EXERCISE: With the pictures left out, please write out exactly each line from the one containing "32 Ways to Become" through the end of the material.

*** Opening of MATERIAL PROVIDED ***

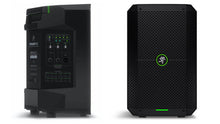 Load image into Gallery viewer, Mackie Thump GO 8" Portable Battery-Powered Loudspeaker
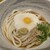 香川 さぬき麺業 - 料理写真:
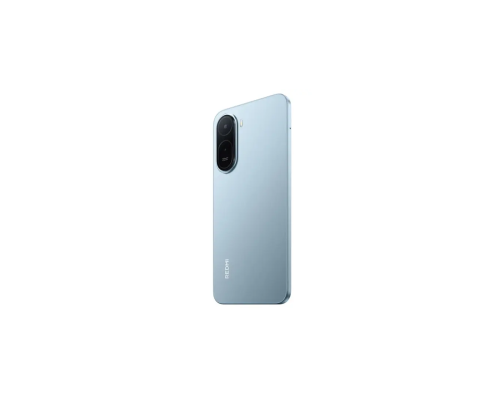 Смартфон Redmi A7 Pro 4/64GB 4/128GB, Экран 6.9", 6000 mAh, 13 MP, NFC, PCT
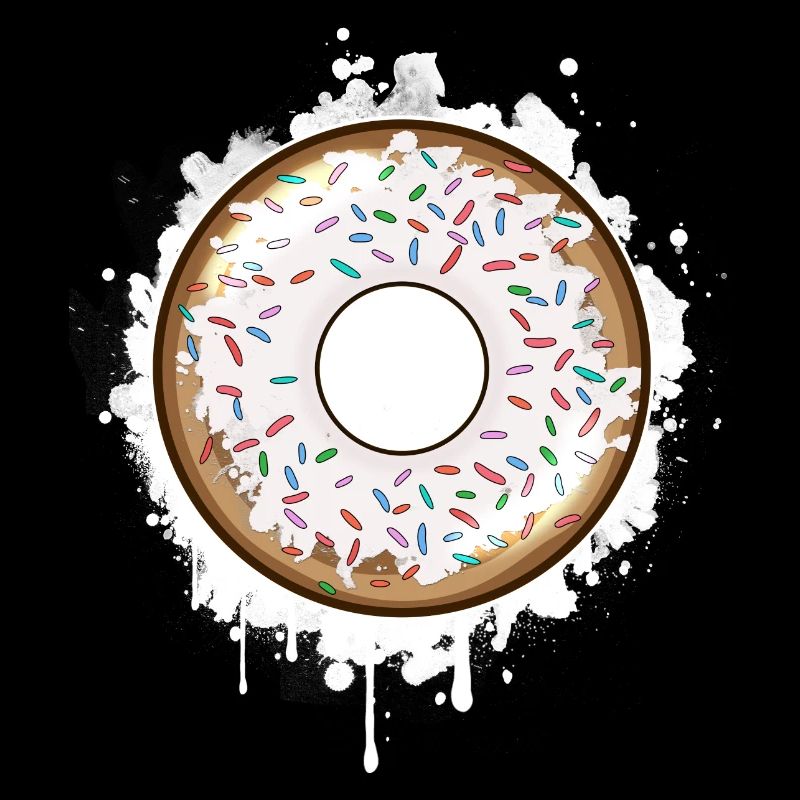 Donut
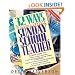 32 Ways to Become a Great Sunday School Teacher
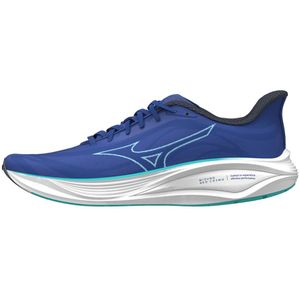 Mizuno - Neo Cosmo - Hardloopschoenen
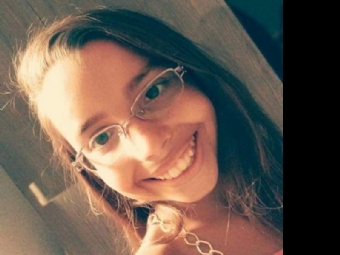 Uma adolescente perdeu a vida em brincadeira estpida que circula na internet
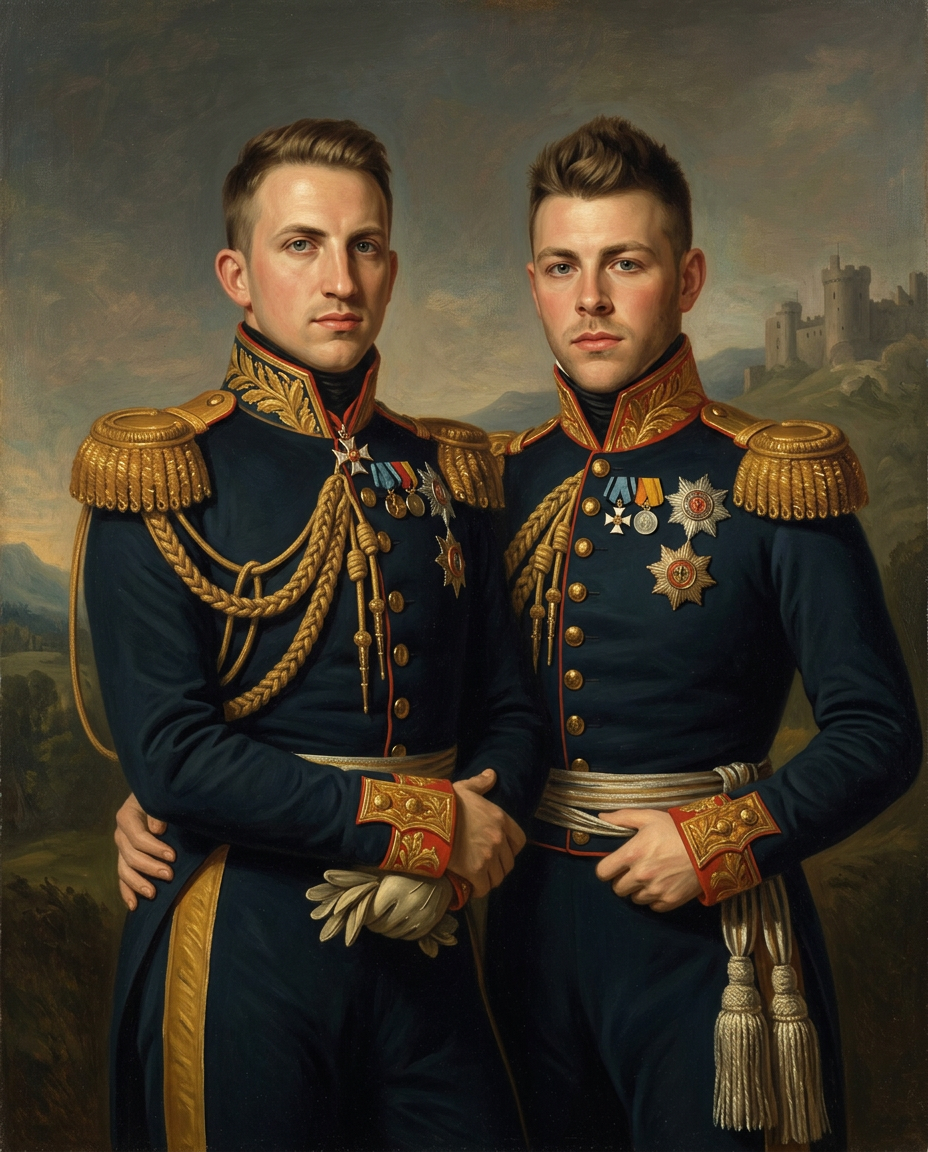 General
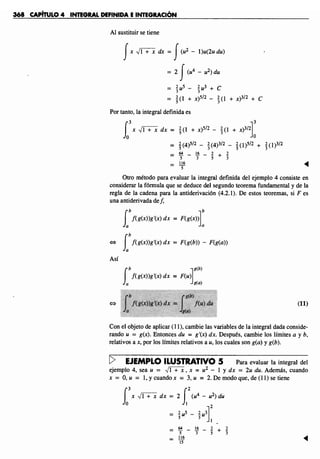 Calculo louis leithol subido por JHS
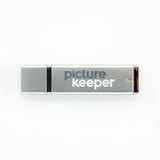 Picture Keeper - Multiple Sizes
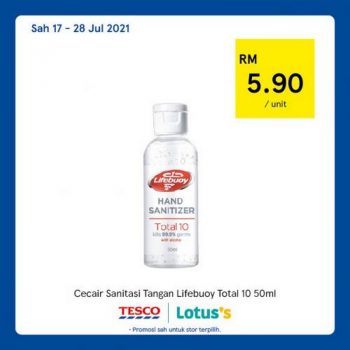 Tesco-Lotuss-REKOMEN-Promotion-24-6-350x350 - Johor Kedah Kelantan Kuala Lumpur Melaka Negeri Sembilan Pahang Penang Perak Perlis Promotions & Freebies Putrajaya Sabah Sarawak Selangor Supermarket & Hypermarket Terengganu 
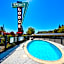 Muir Lodge Motel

*** Close of MATERIAL PROVIDED ***

PROBLEM SOLUTION:
 32 Ways to Become a Great Sunday School Teacher
 Mizuno - Neo Cosmo - Hardloopschoenen
 Uma adolescente perdeu a vida em brincadeira estpida que circula na internet
 General
 Calculo louis leithol subido por JHS
 Picture Keeper - Multiple Sizes
 Tesco-Lotuss-REKOMEN-Promotion-24-6-350x350 - Johor Kedah Kelantan Kuala Lumpur Melaka Negeri Sembilan Pahang Penang Perak Perlis Promotions & Freebies Putrajaya Sabah Sarawak Selangor Supermarket & Hypermarket Terengganu 
 Muir Lodge Motel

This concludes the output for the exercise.